*Information supplied*.
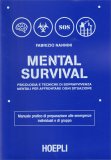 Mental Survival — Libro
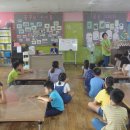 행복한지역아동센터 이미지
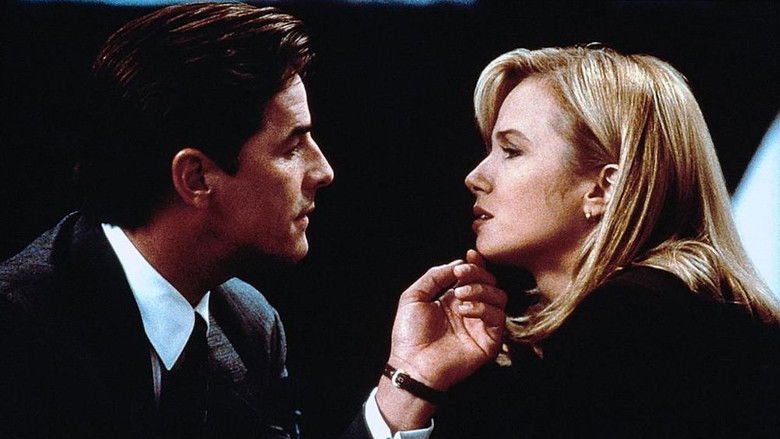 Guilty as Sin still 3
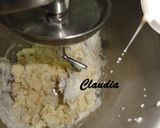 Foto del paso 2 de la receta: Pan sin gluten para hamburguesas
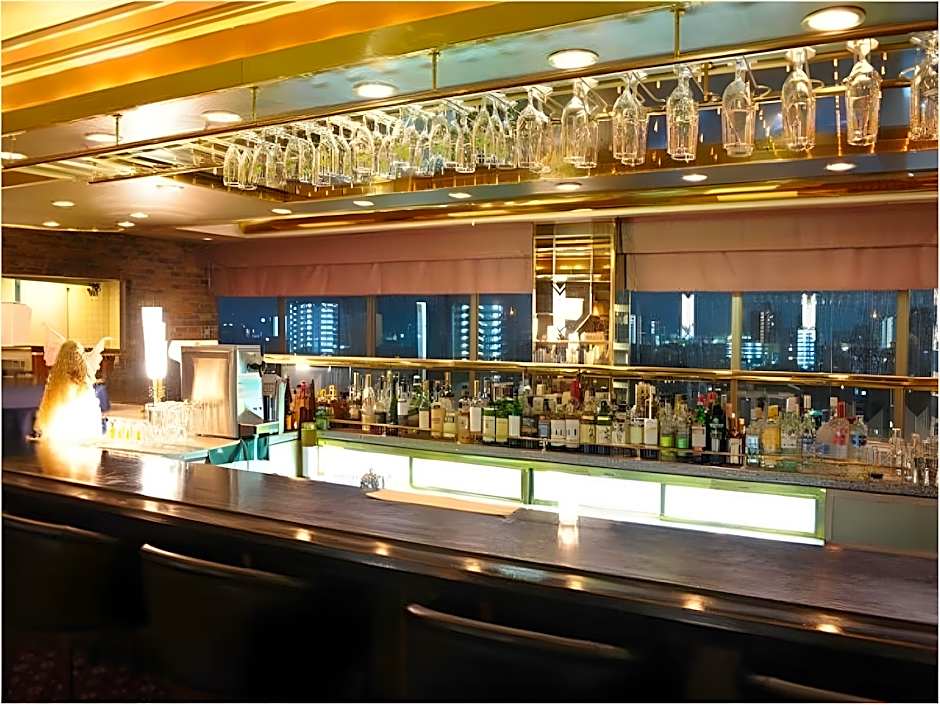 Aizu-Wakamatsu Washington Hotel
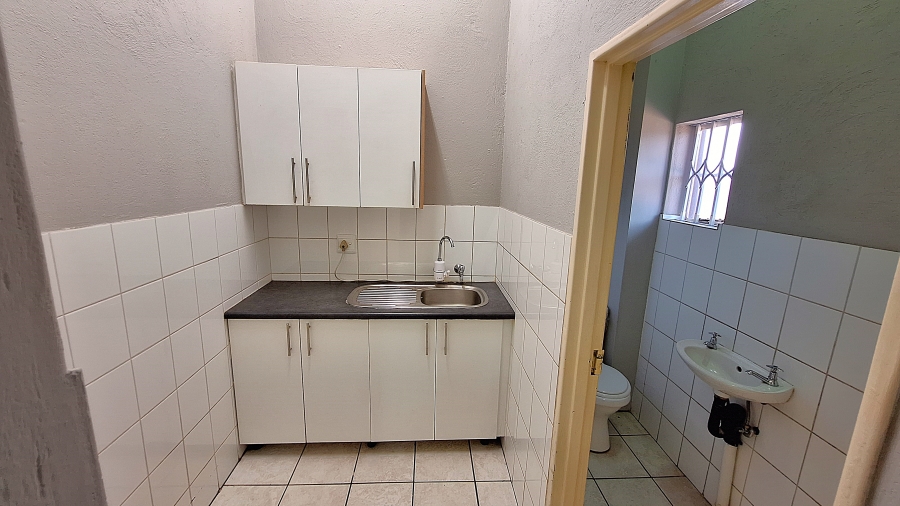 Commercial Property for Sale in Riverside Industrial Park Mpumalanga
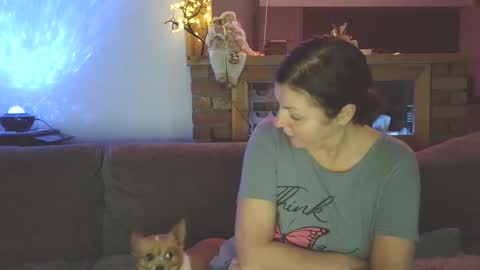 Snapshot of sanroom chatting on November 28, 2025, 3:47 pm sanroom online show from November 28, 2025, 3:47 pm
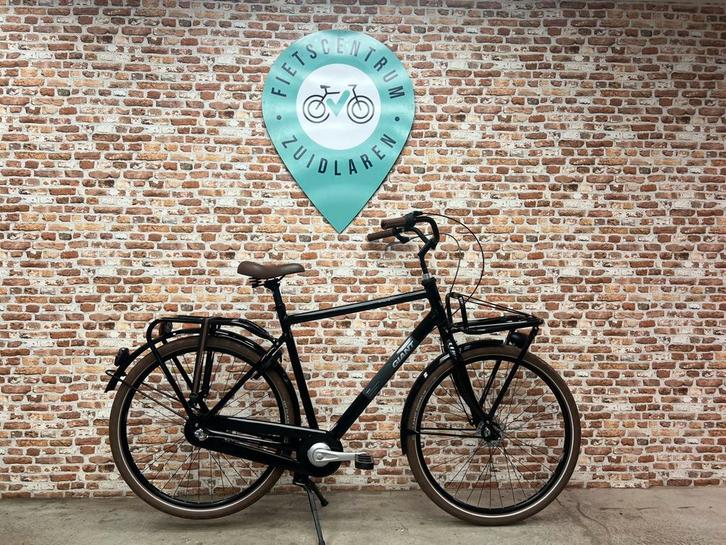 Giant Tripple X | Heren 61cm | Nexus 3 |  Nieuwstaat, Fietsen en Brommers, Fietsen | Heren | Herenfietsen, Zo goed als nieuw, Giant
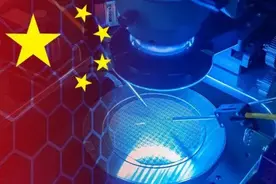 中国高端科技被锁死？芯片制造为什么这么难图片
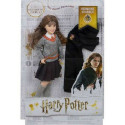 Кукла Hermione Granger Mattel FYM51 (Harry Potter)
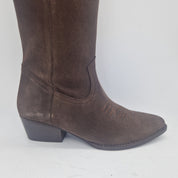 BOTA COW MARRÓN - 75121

*Exercise requirements*. Could you copy each line above exactly as written, minus any pictures?

*Answer for the task*.
 Mental Survival — Libro
 행복한지역아동센터 이미지
 Guilty as Sin still 3
 Foto del paso 2 de la receta: Pan sin gluten para hamburguesas
 Aizu-Wakamatsu Washington Hotel
 Commercial Property for Sale in Riverside Industrial Park Mpumalanga
 Snapshot of sanroom chatting on November 28, 2025, 3:47 pm sanroom online show from November 28, 2025, 3:47 pm
 Giant Tripple X | Heren 61cm | Nexus 3 |  Nieuwstaat, Fietsen en Brommers, Fietsen | Heren | Herenfietsen, Zo goed als nieuw, Giant
 中国高端科技被锁死？芯片制造为什么这么难图片
 Кукла Hermione Granger Mattel FYM51 (Harry Potter)
 BOTA COW MARRÓN - 75121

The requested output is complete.